NVIDIA GF100 & Friends speculation

That'd certainly be a great achivement if the performance delta stays the same or goes up this generation. And AMD's PR been using their die sizes comparisions for several years now, yeah.

If those 470 benches are real, the performance delta would have just decreased by quite a lot, if not disappeared.
 
The post to which you're referring was a guess on his part, an unlikely one at that. We haven't seen ROPs clocked @ only 475MHz since the days of NV40.

GTX 470, potentially a $500 part, will not be out-performed by GTX 280, a part launched 21 months ago. It is illogical.

My post was based on Info I stand behind at the time. It is at all possible they increased the clocks for the ROPs. But at the time I posted, that was the info I had been given.
 
The 2*6pin conectors and 225W limit could be the reason :?:
But that would be a very lame reason :LOL:

could be a means to creating a limit to help differentiate the two GF100 products, after all who in their right mind would pay a premium for a top tier card when a lesser (lower cost) one could easily meet or match performance at a substantial savings ? maybe bu limiting available OCing (and thus mem bandwidth) the performance delta between the products will be well defined (enough to justify the cost increase)
 
3200 MHz seems pretty low even for the salvage part considering 5870 runs it at 4800MHz.

I think it's low too, but remember GF100 has more memory and a wider memory interface than Cypress so I wouldn't be surprised if the memory clock is somewhat lower. 50% is a bit much though.
 
My post was based on Info I stand behind at the time. It is at all possible they increased the clocks for the ROPs. But at the time I posted, that was the info I had been given.

As I said already, 475MHz is not a logical clockspeed for 2010-era ROPs on an IHV's Flagship SKU's salvage part.
 
As I said already, 475MHz is not a logical clockspeed for 2010-era ROPs on an IHV's Flagship SKU's salvage part.

Which is true, but again, I mearly posted to clarify I wasn't guessing but was going off info I had been given. Nice to see they did get the clocks up tho.
 
I think it's low too, but remember GF100 has more memory and a wider memory interface than Cypress so I wouldn't be surprised if the memory clock is somewhat lower. 50% is a bit much though.

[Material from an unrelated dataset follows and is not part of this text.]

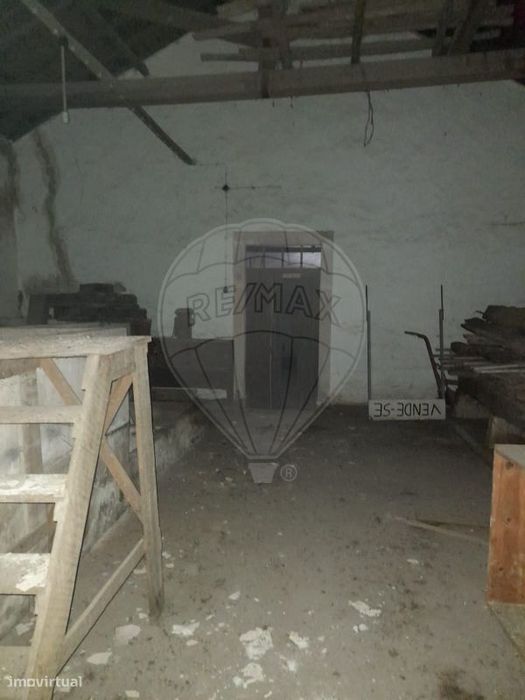 Armazém  para venda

Depends on which way you look at it. Its 50% going from 3200 to 4800 but only 33% going from 4800 to 3200.
 
Which is true, but again, I mearly posted to clarify I wasn't guessing but was going off info I had been given. Nice to see they did get the clocks up tho.

It's possible those were the clocks A1 was hitting, but I don't think anyone expected A1 to be shipping silicon, especially not after hitting those clocks.

Depends on which way you look at it. Its 50% going from 3200 to 4800 but only 33% going from 4800 to 3200.

True.
 
It's possible those were the clocks A1 was hitting, but I don't think anyone expected A1 to be shipping silicon, especially not after hitting those clocks.

Poosibly A2 aswell. The COmputer show in January was reported as seeing a few Fermi cards running the sled demo but the frame rates got real low at times.
 
Poosibly A2 aswell. The COmputer show in January was reported as seeing a few Fermi cards running the sled demo but the frame rates got real low at times.

Which doesn't necessarily mean that clocks were inadequate, that could very well be a function of early drivers.
 
Poosibly A2 aswell. The COmputer show in January was reported as seeing a few Fermi cards running the sled demo but the frame rates got real low at times.

The Rocket Sled demo is a performance monster - Tessellation and Physics at the same time. The only time the fps got real low was in the wireframe mode.

seeing this article from Hexus, could it be possible that it wasn't running on GF100?

(text is below the video)

http://www.hexus.net/content/item.php?item=22702


Only the raytracing demo runs on a GT200, too.
 
could be a means to creating a limit to help differentiate the two GF100 products, after all who in their right mind would pay a premium for a top tier card when a lesser (lower cost) one could easily meet or match performance at a substantial savings ? maybe bu limiting available OCing (and thus mem bandwidth) the performance delta between the products will be well defined (enough to justify the cost increase)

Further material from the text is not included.